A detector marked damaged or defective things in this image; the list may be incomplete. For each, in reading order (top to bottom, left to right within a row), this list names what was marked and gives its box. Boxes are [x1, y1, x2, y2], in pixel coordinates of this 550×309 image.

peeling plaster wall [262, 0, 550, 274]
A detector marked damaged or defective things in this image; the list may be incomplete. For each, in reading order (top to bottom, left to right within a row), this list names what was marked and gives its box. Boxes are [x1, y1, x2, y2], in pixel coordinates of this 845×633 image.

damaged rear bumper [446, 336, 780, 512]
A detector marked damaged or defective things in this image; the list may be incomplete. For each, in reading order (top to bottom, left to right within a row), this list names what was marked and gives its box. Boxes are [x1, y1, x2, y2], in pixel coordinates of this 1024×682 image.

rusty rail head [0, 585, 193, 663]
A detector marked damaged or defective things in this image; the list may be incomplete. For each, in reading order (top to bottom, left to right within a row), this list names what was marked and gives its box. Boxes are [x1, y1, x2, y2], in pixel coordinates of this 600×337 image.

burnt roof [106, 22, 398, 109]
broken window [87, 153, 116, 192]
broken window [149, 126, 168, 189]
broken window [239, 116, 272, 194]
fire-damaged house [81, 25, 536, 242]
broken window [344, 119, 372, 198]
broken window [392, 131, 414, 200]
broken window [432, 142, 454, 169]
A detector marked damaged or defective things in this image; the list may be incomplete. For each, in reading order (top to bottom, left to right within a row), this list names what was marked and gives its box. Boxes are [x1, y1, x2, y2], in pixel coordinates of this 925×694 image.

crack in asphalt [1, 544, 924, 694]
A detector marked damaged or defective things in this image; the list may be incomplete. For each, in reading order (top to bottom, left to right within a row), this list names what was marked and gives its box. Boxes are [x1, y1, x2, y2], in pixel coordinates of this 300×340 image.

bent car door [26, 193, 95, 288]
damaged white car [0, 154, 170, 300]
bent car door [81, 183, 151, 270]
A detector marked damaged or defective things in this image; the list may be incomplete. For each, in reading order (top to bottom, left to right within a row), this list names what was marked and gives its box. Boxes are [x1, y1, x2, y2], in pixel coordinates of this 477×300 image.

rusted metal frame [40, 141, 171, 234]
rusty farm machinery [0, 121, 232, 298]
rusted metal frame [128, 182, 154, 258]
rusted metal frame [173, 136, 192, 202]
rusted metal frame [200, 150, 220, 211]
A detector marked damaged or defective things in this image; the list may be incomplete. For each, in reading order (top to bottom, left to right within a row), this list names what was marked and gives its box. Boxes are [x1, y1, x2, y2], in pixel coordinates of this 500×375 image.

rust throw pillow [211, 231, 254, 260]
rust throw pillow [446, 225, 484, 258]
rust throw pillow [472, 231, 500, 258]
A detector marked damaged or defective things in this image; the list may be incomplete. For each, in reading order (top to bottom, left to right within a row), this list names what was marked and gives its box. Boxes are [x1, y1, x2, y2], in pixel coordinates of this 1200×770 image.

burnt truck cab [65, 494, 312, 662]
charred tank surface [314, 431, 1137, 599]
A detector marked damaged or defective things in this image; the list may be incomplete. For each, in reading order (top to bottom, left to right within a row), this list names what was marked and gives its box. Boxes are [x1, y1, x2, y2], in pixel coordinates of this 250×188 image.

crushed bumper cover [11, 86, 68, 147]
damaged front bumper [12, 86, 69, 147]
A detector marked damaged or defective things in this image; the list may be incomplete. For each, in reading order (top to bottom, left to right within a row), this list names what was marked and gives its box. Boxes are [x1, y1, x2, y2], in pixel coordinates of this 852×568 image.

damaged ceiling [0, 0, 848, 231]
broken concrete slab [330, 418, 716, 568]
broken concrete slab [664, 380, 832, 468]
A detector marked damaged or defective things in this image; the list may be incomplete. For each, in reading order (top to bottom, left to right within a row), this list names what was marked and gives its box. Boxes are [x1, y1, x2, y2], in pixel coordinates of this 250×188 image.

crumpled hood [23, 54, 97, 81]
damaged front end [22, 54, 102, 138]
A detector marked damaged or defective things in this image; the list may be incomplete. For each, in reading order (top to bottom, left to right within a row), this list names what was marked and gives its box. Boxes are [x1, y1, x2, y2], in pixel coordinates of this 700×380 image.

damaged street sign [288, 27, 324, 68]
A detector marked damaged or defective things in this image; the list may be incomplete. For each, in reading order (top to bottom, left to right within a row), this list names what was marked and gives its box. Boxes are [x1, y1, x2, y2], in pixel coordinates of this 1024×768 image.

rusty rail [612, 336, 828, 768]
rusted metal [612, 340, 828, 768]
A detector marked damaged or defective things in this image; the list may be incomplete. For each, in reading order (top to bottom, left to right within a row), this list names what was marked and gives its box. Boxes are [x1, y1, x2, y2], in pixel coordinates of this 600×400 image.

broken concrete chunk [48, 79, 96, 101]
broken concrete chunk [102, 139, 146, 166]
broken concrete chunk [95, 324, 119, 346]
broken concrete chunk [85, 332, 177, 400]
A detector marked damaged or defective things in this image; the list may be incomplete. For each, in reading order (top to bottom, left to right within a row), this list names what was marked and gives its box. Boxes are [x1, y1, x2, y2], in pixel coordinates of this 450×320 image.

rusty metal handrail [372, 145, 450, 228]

■ WHAT IS NEEDED
The records above need to be transcribed in full. Keep every character unchanged.

■ TASK RESULT
A detector marked damaged or defective things in this image; the list may be incomplete. For each, in reading order (top to bottom, left to right within a row), this list names what was marked and gives its box. Boxes are [x1, y1, x2, y2], in pixel coordinates of this 550×309 image.

peeling plaster wall [262, 0, 550, 274]
A detector marked damaged or defective things in this image; the list may be incomplete. For each, in reading order (top to bottom, left to right within a row), this list names what was marked and gives its box. Boxes are [x1, y1, x2, y2], in pixel coordinates of this 845×633 image.

damaged rear bumper [446, 336, 780, 512]
A detector marked damaged or defective things in this image; the list may be incomplete. For each, in reading order (top to bottom, left to right within a row), this list names what was marked and gives its box. Boxes are [x1, y1, x2, y2], in pixel coordinates of this 1024×682 image.

rusty rail head [0, 585, 193, 663]
A detector marked damaged or defective things in this image; the list may be incomplete. For each, in reading order (top to bottom, left to right within a row), this list names what was marked and gives its box. Boxes are [x1, y1, x2, y2], in pixel coordinates of this 600×337 image.

burnt roof [106, 22, 398, 109]
broken window [87, 153, 116, 192]
broken window [149, 126, 168, 189]
broken window [239, 116, 272, 194]
fire-damaged house [81, 25, 536, 242]
broken window [344, 119, 372, 198]
broken window [392, 131, 414, 200]
broken window [432, 142, 454, 169]
A detector marked damaged or defective things in this image; the list may be incomplete. For each, in reading order (top to bottom, left to right within a row), this list names what was marked and gives its box. Boxes are [x1, y1, x2, y2], in pixel coordinates of this 925×694 image.

crack in asphalt [1, 544, 924, 694]
A detector marked damaged or defective things in this image; the list may be incomplete. For each, in reading order (top to bottom, left to right within a row), this list names what was marked and gives its box. Boxes are [x1, y1, x2, y2], in pixel coordinates of this 300×340 image.

bent car door [26, 193, 95, 288]
damaged white car [0, 154, 170, 300]
bent car door [81, 183, 151, 270]
A detector marked damaged or defective things in this image; the list may be incomplete. For each, in reading order (top to bottom, left to right within a row), this list names what was marked and gives its box. Boxes are [x1, y1, x2, y2], in pixel coordinates of this 477×300 image.

rusted metal frame [40, 141, 171, 234]
rusty farm machinery [0, 121, 232, 298]
rusted metal frame [128, 182, 154, 258]
rusted metal frame [173, 136, 192, 202]
rusted metal frame [200, 150, 220, 211]
A detector marked damaged or defective things in this image; the list may be incomplete. For each, in reading order (top to bottom, left to right within a row), this list names what was marked and gives its box. Boxes are [x1, y1, x2, y2], in pixel coordinates of this 500×375 image.

rust throw pillow [211, 231, 254, 260]
rust throw pillow [446, 225, 484, 258]
rust throw pillow [472, 231, 500, 258]
A detector marked damaged or defective things in this image; the list may be incomplete. For each, in reading order (top to bottom, left to right within a row), this list names what was marked and gives its box. Boxes are [x1, y1, x2, y2], in pixel coordinates of this 1200×770 image.

burnt truck cab [65, 494, 312, 662]
charred tank surface [314, 431, 1137, 599]
A detector marked damaged or defective things in this image; the list may be incomplete. For each, in reading order (top to bottom, left to right within a row), this list names what was marked and gives its box. Boxes are [x1, y1, x2, y2], in pixel coordinates of this 250×188 image.

crushed bumper cover [11, 86, 68, 147]
damaged front bumper [12, 86, 69, 147]
A detector marked damaged or defective things in this image; the list may be incomplete. For each, in reading order (top to bottom, left to right within a row), this list names what was marked and gives its box. Boxes are [x1, y1, x2, y2], in pixel coordinates of this 852×568 image.

damaged ceiling [0, 0, 848, 231]
broken concrete slab [330, 418, 716, 568]
broken concrete slab [664, 380, 832, 468]
A detector marked damaged or defective things in this image; the list may be incomplete. For each, in reading order (top to bottom, left to right within a row), this list names what was marked and gives its box. Boxes are [x1, y1, x2, y2], in pixel coordinates of this 250×188 image.

crumpled hood [23, 54, 97, 81]
damaged front end [22, 54, 102, 138]
A detector marked damaged or defective things in this image; the list may be incomplete. For each, in reading order (top to bottom, left to right within a row), this list names what was marked and gives its box. Boxes are [x1, y1, x2, y2], in pixel coordinates of this 700×380 image.

damaged street sign [288, 27, 324, 68]
A detector marked damaged or defective things in this image; the list may be incomplete. For each, in reading order (top to bottom, left to right within a row), this list names what was marked and gives its box. Boxes are [x1, y1, x2, y2], in pixel coordinates of this 1024×768 image.

rusty rail [612, 336, 828, 768]
rusted metal [612, 340, 828, 768]
A detector marked damaged or defective things in this image; the list may be incomplete. For each, in reading order (top to bottom, left to right within a row), this list names what was marked and gives its box. Boxes are [x1, y1, x2, y2], in pixel coordinates of this 600×400 image.

broken concrete chunk [48, 79, 96, 101]
broken concrete chunk [102, 139, 146, 166]
broken concrete chunk [95, 324, 119, 346]
broken concrete chunk [85, 332, 177, 400]
A detector marked damaged or defective things in this image; the list may be incomplete. For each, in reading order (top to bottom, left to right within a row), this list names what was marked and gives its box. Boxes are [x1, y1, x2, y2], in pixel coordinates of this 450×320 image.

rusty metal handrail [372, 145, 450, 228]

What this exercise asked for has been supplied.